Source records
== Segment start ==
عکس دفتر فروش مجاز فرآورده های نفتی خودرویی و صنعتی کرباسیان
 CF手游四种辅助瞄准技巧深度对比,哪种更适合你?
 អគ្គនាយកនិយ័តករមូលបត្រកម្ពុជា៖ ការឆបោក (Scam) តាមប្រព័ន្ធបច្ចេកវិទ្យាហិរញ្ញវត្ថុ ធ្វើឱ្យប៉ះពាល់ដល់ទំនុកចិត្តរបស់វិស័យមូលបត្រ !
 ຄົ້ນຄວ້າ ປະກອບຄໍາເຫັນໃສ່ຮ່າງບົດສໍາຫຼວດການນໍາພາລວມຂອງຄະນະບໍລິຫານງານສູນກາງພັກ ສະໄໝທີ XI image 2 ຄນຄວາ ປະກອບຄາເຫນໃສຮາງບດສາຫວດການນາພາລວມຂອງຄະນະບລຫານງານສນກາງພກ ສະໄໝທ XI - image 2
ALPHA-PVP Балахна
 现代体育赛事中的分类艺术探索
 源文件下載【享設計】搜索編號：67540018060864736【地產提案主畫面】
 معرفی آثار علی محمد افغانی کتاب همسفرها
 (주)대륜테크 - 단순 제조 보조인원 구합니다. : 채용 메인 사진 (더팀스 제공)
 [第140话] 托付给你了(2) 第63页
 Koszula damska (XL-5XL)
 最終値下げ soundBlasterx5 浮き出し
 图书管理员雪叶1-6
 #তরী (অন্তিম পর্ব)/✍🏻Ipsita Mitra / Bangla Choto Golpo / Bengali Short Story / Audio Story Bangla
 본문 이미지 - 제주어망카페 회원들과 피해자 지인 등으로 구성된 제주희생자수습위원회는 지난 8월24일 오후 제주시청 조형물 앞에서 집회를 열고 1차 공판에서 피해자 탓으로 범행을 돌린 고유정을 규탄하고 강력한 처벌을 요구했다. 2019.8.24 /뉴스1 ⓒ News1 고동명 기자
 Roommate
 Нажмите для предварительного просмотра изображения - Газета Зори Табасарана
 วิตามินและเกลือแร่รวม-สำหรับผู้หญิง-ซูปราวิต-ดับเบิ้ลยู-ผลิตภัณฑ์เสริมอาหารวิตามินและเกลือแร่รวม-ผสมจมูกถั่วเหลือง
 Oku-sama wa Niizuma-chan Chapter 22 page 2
== Segment end ==
Your answer should consist solely of the lines above from the line with "XI - image 2" to the line with "[第140话] 托付给你了(2) 第63页", both included, reproduced exactly.

• _THE COMPLETED TASK_:
 ຄົ້ນຄວ້າ ປະກອບຄໍາເຫັນໃສ່ຮ່າງບົດສໍາຫຼວດການນໍາພາລວມຂອງຄະນະບໍລິຫານງານສູນກາງພັກ ສະໄໝທີ XI image 2 ຄນຄວາ ປະກອບຄາເຫນໃສຮາງບດສາຫວດການນາພາລວມຂອງຄະນະບລຫານງານສນກາງພກ ສະໄໝທ XI - image 2
ALPHA-PVP Балахна
 现代体育赛事中的分类艺术探索
 源文件下載【享設計】搜索編號：67540018060864736【地產提案主畫面】
 معرفی آثار علی محمد افغانی کتاب همسفرها
 (주)대륜테크 - 단순 제조 보조인원 구합니다. : 채용 메인 사진 (더팀스 제공)
 [第140话] 托付给你了(2) 第63页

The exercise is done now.